In the two decades since the dictator Muhammad Siyad Barre ignominiously fled Mogadishu in January 1991, leaving behind a capital in ruins and in the throes of uncontrolled street violence, Somalia has been the prime example of what political scientist Robert Rotberg has termed the “collapsed state,” a “rare and extreme version of the failed state” and “a mere geographical expression, a black hole into which a failed polity has fallen.”[3] Somalia has stubbornly resisted no fewer than fourteen attempts to reconstitute a central government. The fifteenth such undertaking, the current internationally-backed, but chronically weak, “Transitional Federal Government” (TFG) just barely manages to hold on to a few districts in the capital—and that much only thanks to the presence of the 8,000 Ugandan and Burundian troops who make up the African Union Mission in Somalia (AMISOM). In contrast, anti-TFG insurgents spearheaded by the Harakat al-Shabaab al-Mujahideen(“Movement of Warrior Youth,” al-Shabaab)—a militant Islamist movement which is considered a “terrorist organization” by the governments of the United States, Australia, the United Kingdom, and Canada, among others[4] —effectively control wide swathes of Somali territory and operate more or less freely even in areas where they have not thus far been able to impose their rule.

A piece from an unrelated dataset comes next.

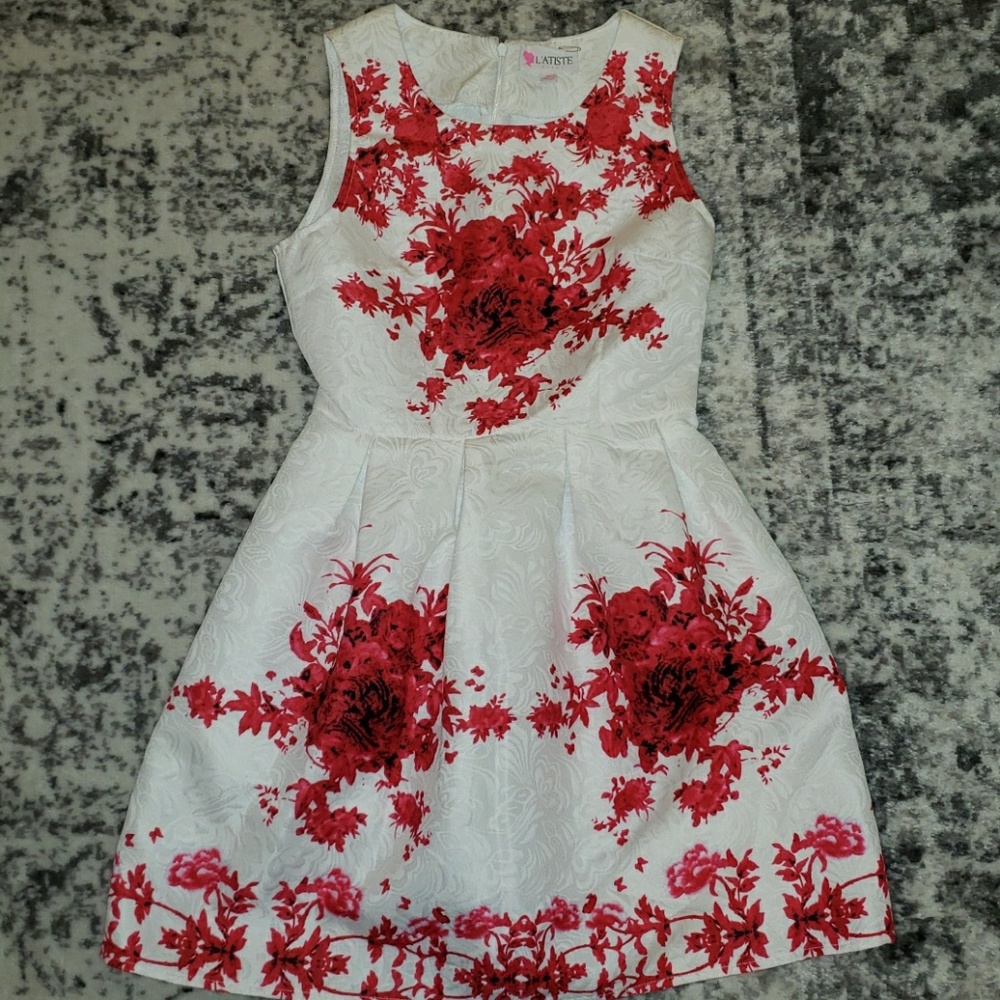 L'atiste White dress with floral print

Realities on the ground, however, are much more complex than this binary vision of weak government versus strong insurgency would suggest. While the often overwrought designation of “failed state” is a more-than-fair characterization of Somalia’s national politics, it does not do justice to the phenomena witnessed elsewhere in the Somali lands, away from the war-torn capital of Mogadishu, where alternative centers of power and stability have, however haltingly, emerged.[5] They offer not only a distinctively local solution to the crisis—including the conditions which favored the rise of piracy and extremism—but also challenge conventional notions of “state” and “non-state.” In fact, the collapse of the Somali state and the emergence of new social networks and nascent polities amidst the ruins requires the international community, if it is at all serious about dealing with the criminal and terrorist threats in the Horn of Africa, to wrestle with questions about what sovereignty means in the twenty-first century and what qualifies as a state.
The Somali Context
Somali identity is traditionally rooted in paternal descent meticulously memorialized in genealogies which determine each individual’s exact place in society. At the apices of this structure are the “clan-families” with their quasi-mythic lineages hearkening back to the family of the Prophet Muhammad.[6] According to the most generally accepted division, the following are the major clan-families: Darod, Dir, Hawiye, Isaq, Digil, and Rahanweyn. The first four, historically predominantly nomadic pastoralists, are reckoned to be “noble” clans, while the Digil and Rahanweyn, also known collectively as Digil Mirifle, who were cultivators and agro-pastoralists that speak a distinct dialect, occupy a second tier in Somali society. A third tier also exists in the Somali social hierarchy and consists of ethnic minorities and those who carried out tasks such as metalworking and tanning, which, in the eyes of the nomadic “noble clans,” rendered them ritually unclean.[7]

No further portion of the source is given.